**DATA FOR THE TASK**

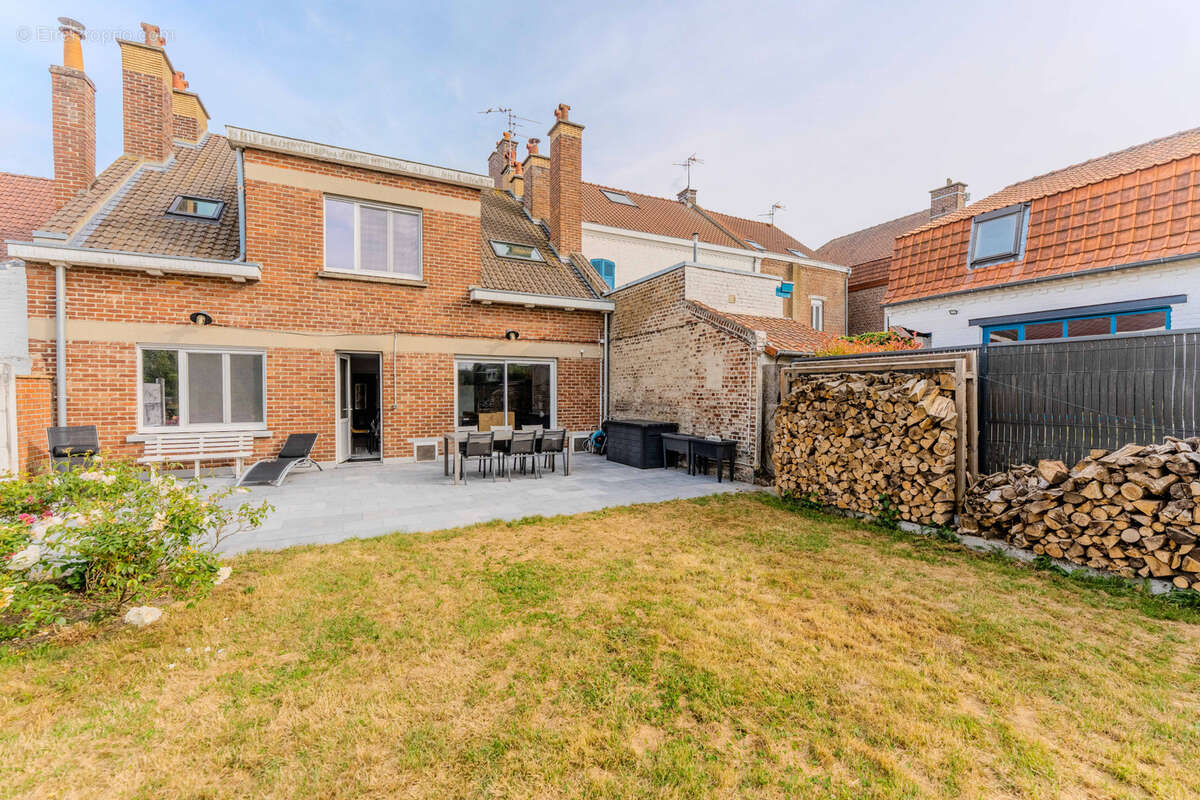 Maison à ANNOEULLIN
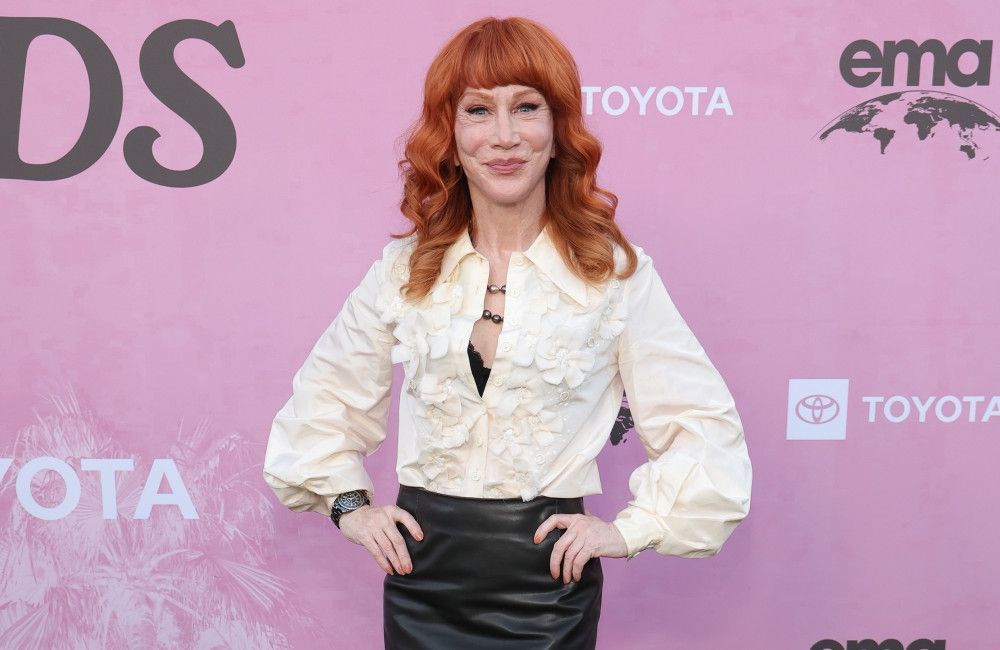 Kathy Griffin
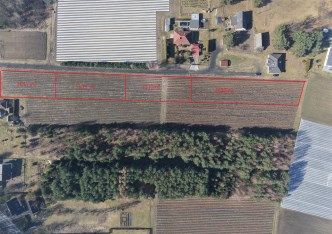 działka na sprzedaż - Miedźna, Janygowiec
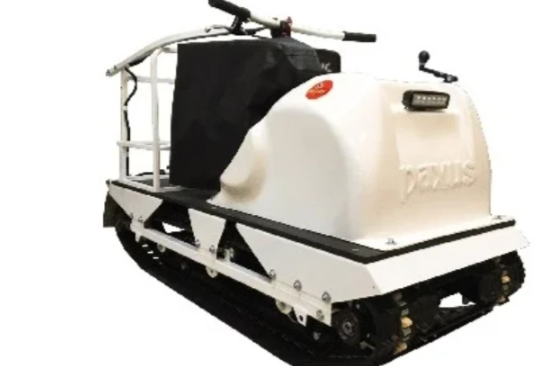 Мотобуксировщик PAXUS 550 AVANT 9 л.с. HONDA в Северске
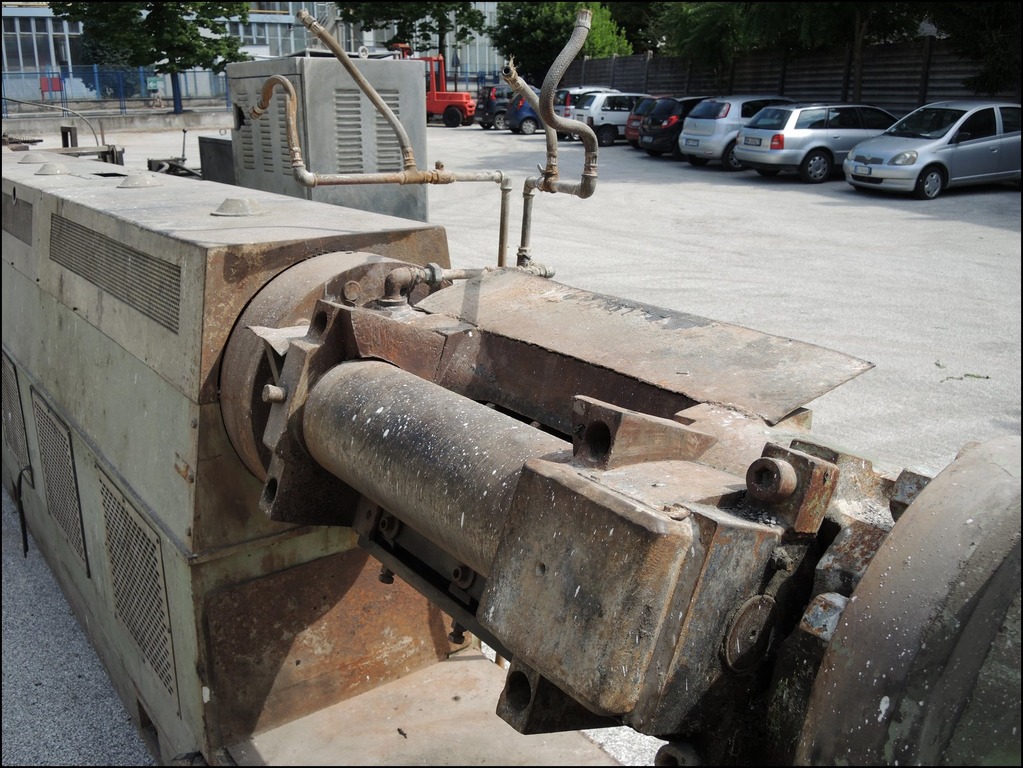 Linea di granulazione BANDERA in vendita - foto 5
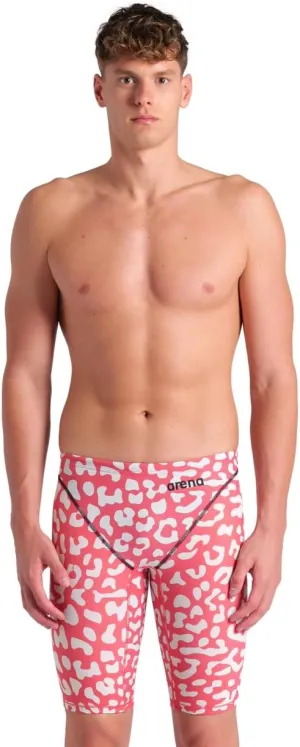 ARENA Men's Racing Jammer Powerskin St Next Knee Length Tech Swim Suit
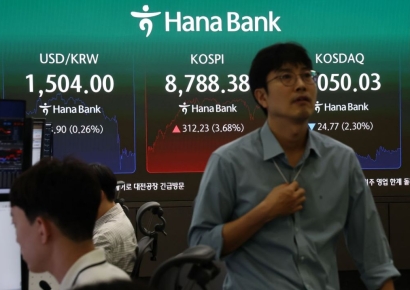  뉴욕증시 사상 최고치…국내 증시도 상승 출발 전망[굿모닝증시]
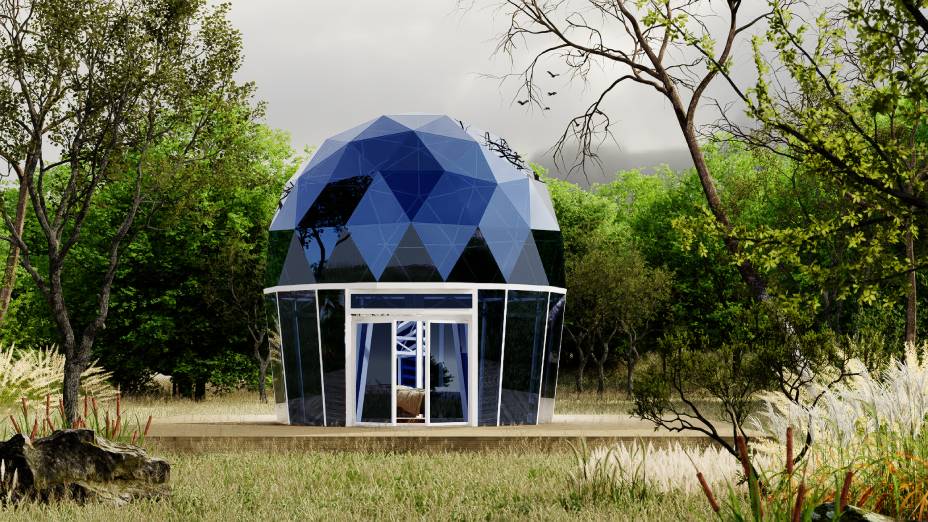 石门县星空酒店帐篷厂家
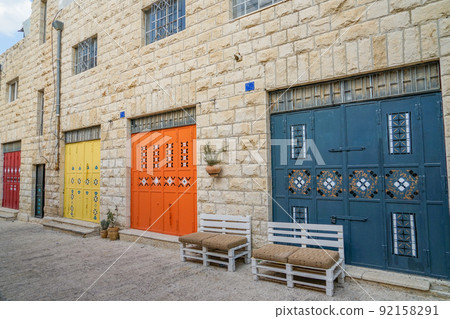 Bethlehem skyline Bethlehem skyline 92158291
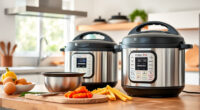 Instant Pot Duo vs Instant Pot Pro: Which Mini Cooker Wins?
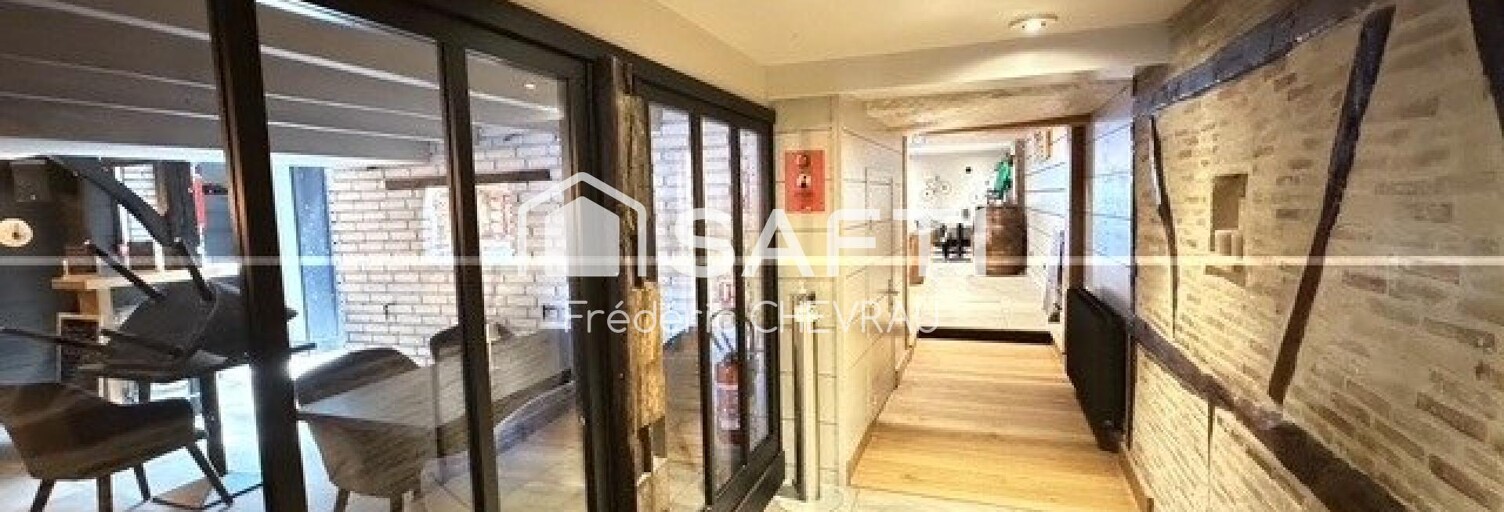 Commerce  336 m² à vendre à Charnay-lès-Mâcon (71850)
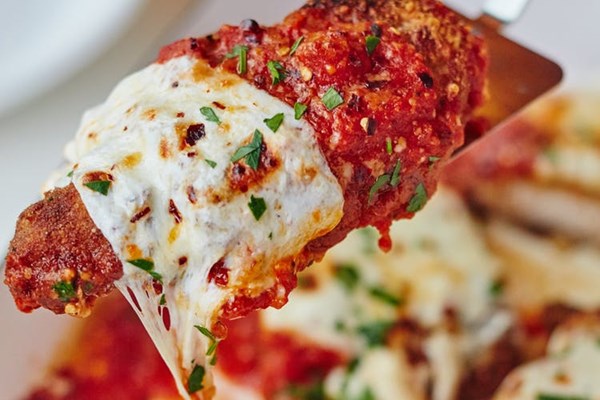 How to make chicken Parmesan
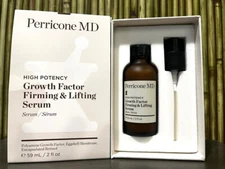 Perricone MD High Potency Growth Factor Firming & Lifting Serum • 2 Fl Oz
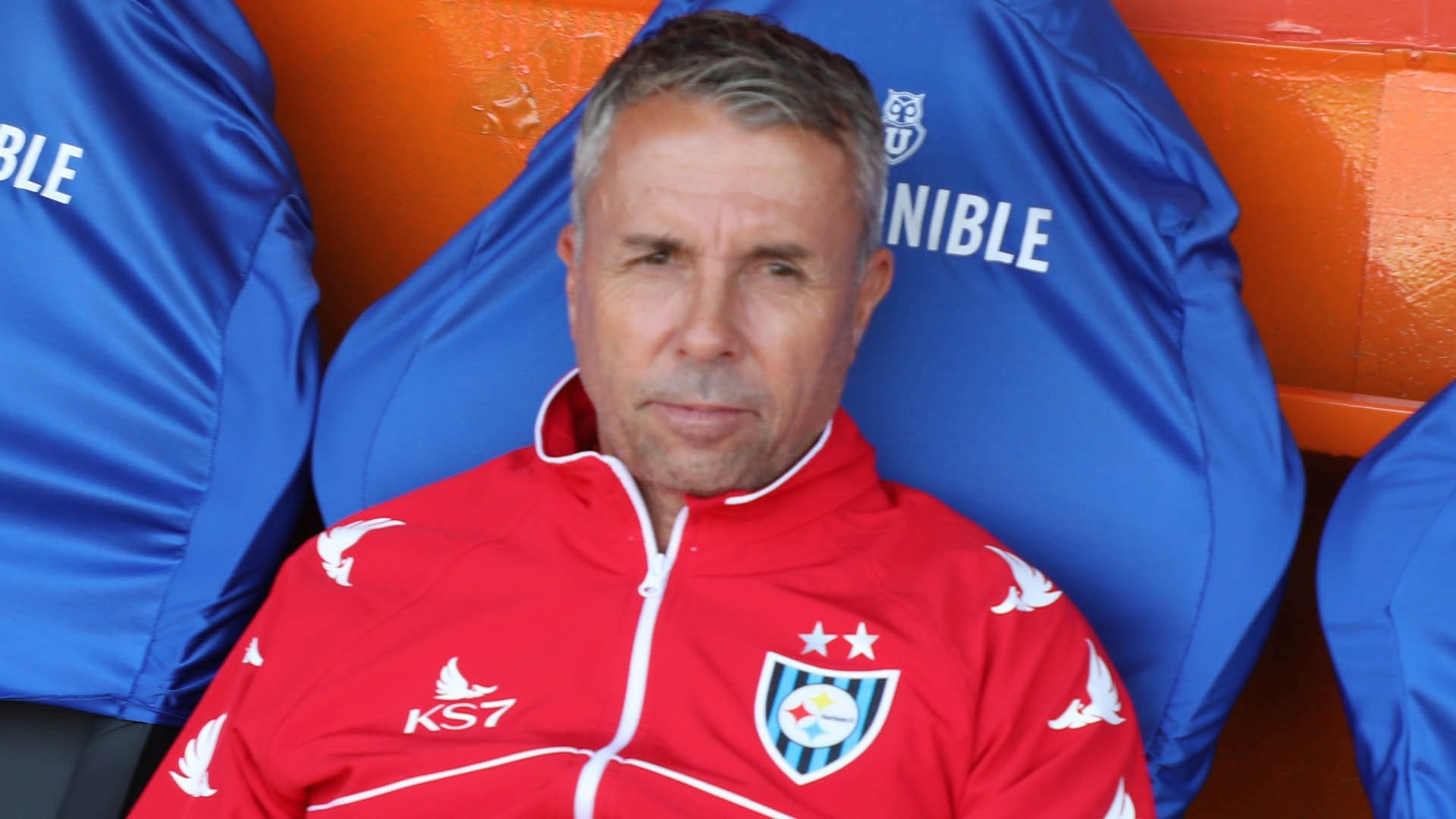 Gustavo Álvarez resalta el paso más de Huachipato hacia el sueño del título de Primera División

**EXERCISE**
An exact, word-for-word version of the material is required, free of pictures.

**WRITTEN SOLUTION**
 Maison à ANNOEULLIN
 Kathy Griffin
 działka na sprzedaż - Miedźna, Janygowiec
 Мотобуксировщик PAXUS 550 AVANT 9 л.с. HONDA в Северске
 Linea di granulazione BANDERA in vendita - foto 5
 ARENA Men's Racing Jammer Powerskin St Next Knee Length Tech Swim Suit
  뉴욕증시 사상 최고치…국내 증시도 상승 출발 전망[굿모닝증시]
 石门县星空酒店帐篷厂家
 Bethlehem skyline Bethlehem skyline 92158291
 Instant Pot Duo vs Instant Pot Pro: Which Mini Cooker Wins?
 Commerce  336 m² à vendre à Charnay-lès-Mâcon (71850)
 How to make chicken Parmesan
 Perricone MD High Potency Growth Factor Firming & Lifting Serum • 2 Fl Oz
 Gustavo Álvarez resalta el paso más de Huachipato hacia el sueño del título de Primera División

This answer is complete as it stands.